Guo and Everdij are some of the South Floridians who have shared with us their stories of money and the price of life here during COVID-19. The pandemic has touched every part of the economy, affecting people's financial lives in different ways.
You can see all of our collected stories so far by clicking here.
If you are interested in sharing your story, please email us at email@example.com.
In this episode:
Nikki Mason and Joshua Berlongeiri have experienced the public health dangers and economic consequences of the pandemic. She’s a nurse treating coronavirus patients. He’s a technician at a sign company that was initially furloughed when business disappeared.

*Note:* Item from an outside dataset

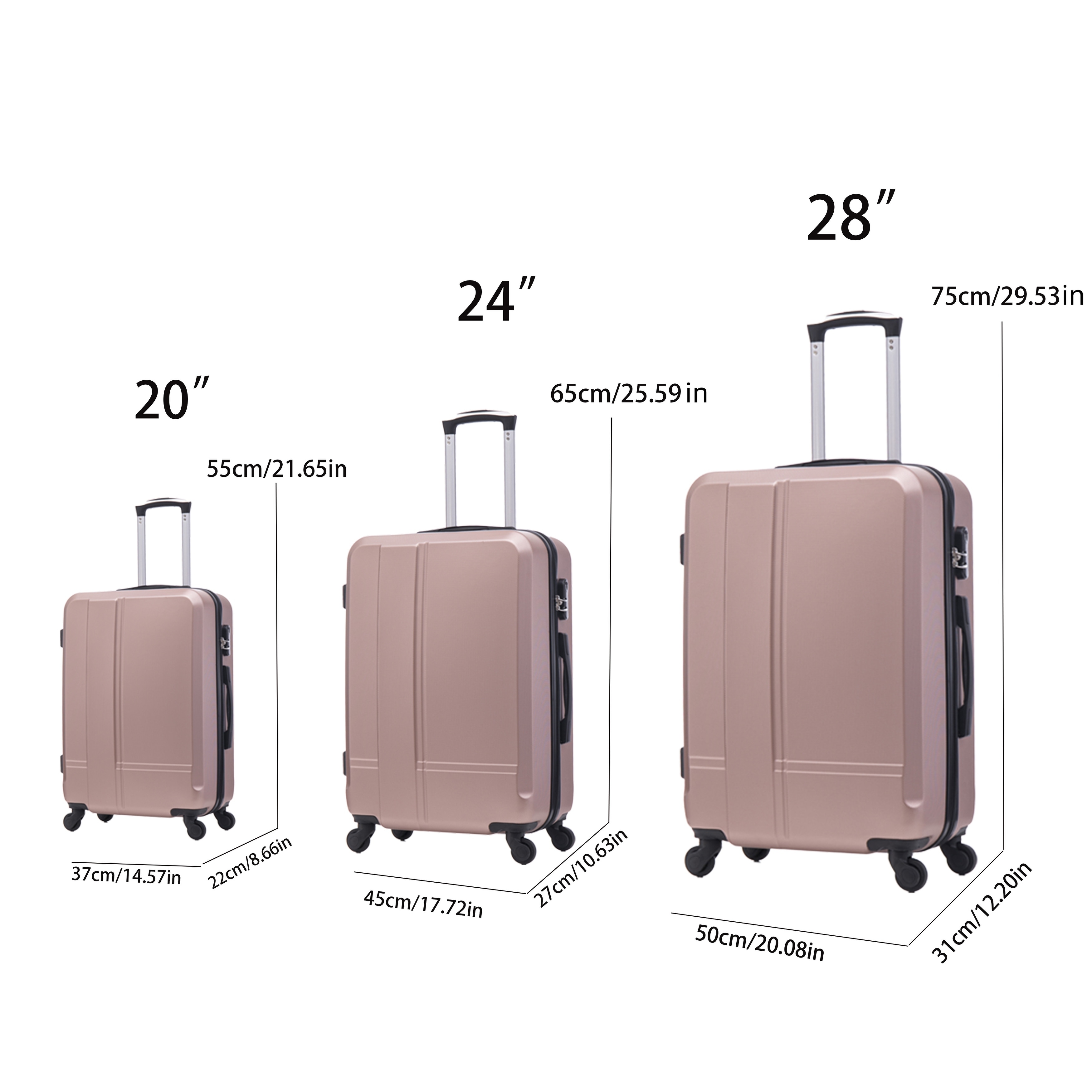 人気の新作 Hard ABS 3-Piece Luggage Universal with (20/24/28) Set その他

Deidra Everdij went from paying closer to attention to office supply costs to laying off employees in the matter of about a week in March. Her busines, COTC Events, organizes large corporate conferences in South Florida. That business was among the first economic casualties of COVID-19.

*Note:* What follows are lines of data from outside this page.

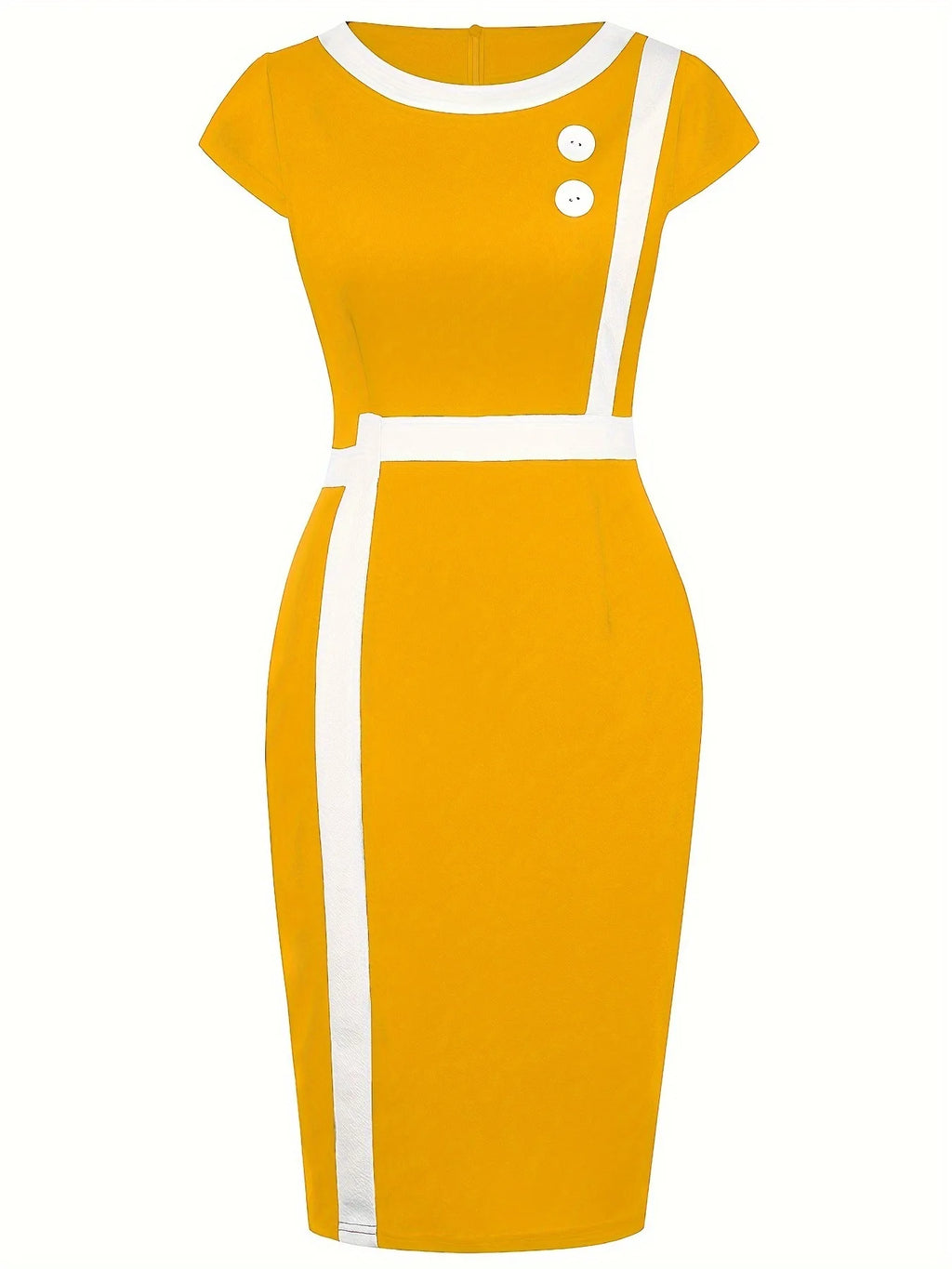 Elegante Patchwork Schwarz Weiß Kleid Frauen Sommer Oansatz Kurzarm Schlank Büro Dame Bleistift Bodycon Kleider Party Vestido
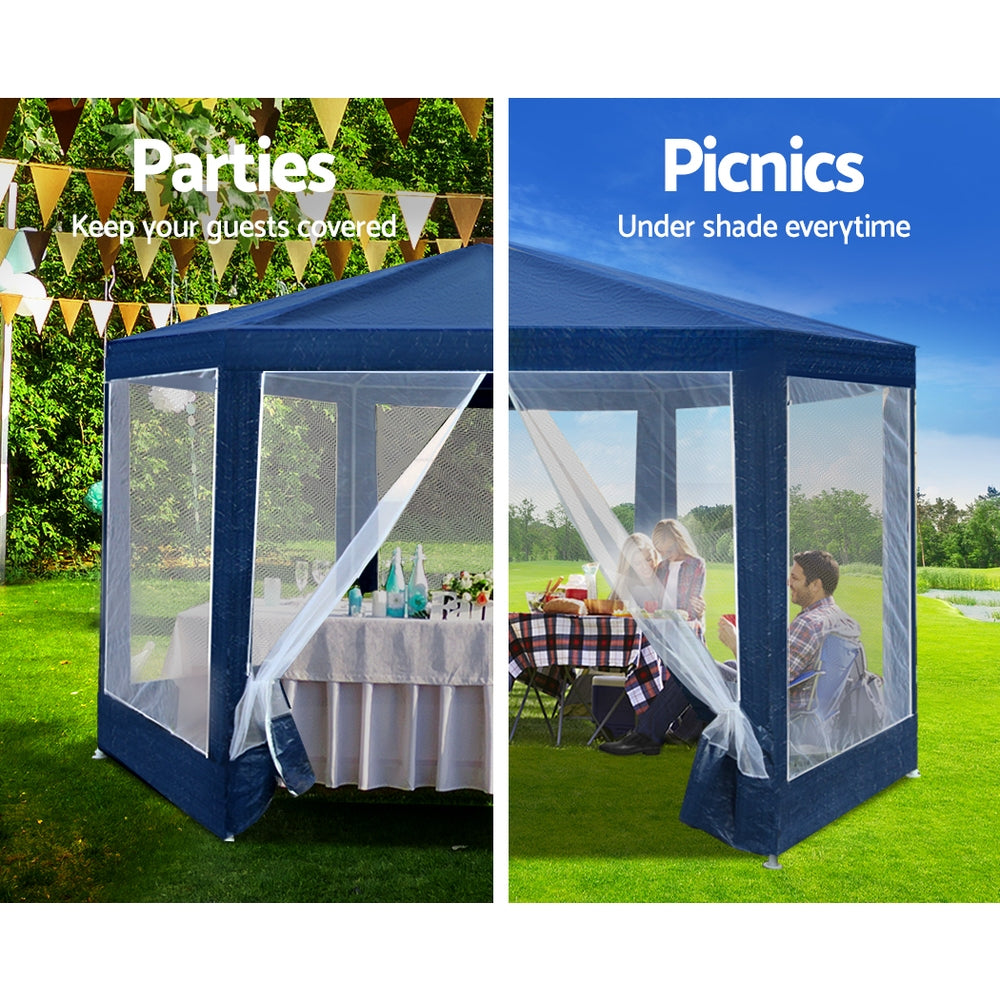 Instahut Gazebo?2x2m Marquee Wedding Party Tent Outdoor Camping Mesh Wall Canopy Shade Gazebos Navy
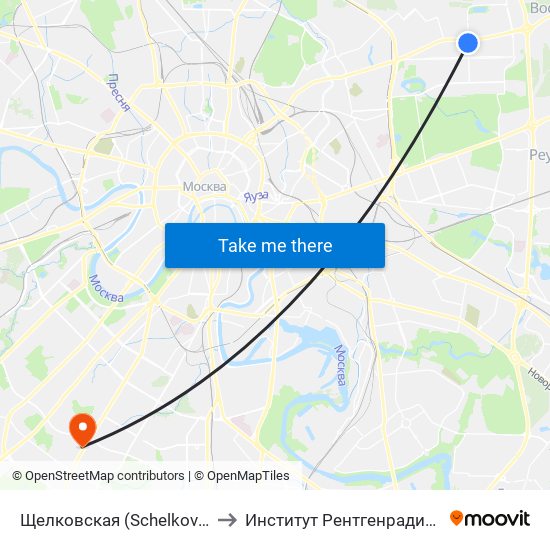 Щелковская (Schelkovskaya) to Институт Рентгенрадиологии map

Susan Hamilton has adapted to the new reality of the virus. As a pilates instructor, she had a studio in Miami Beach and made house calls before the pandemic. But the virus shut down that work. When we first spoke with her in late March, the local stay at home orders had been issued and she was worried about how to stay in business.
Will Benson's business disappeared almost overnight when the Keys closed to visitors and non-essential workers. Benson is a sport fishing captain based in the Lower Keys. We spoke with him a week into the isolation.
Charlie Nolan was in what she thought was going to be her last semester at Broward College before graduating with her bachelor’s degree. She worked part-time on campus in a lab, but then on-campus classes were canceled and courses went online. because of COVID-19.
Jonathan Tuman is a dentist who does cosmetic work and works with special needs patients. His practice was shut down for a few weeks. He considers himself lucky, but thinks his business will change because of the virus. We first spoke with him in April.
Sheng Guo may have been among the first in South Florida to experience the impact of the virus. He grew up near Wuhan, China, where it started. His parents and grandmother still live close to the city. Guo is an economics instructor at FIU and he foresaw what would be in store for South Florida when we spoke with him in late February.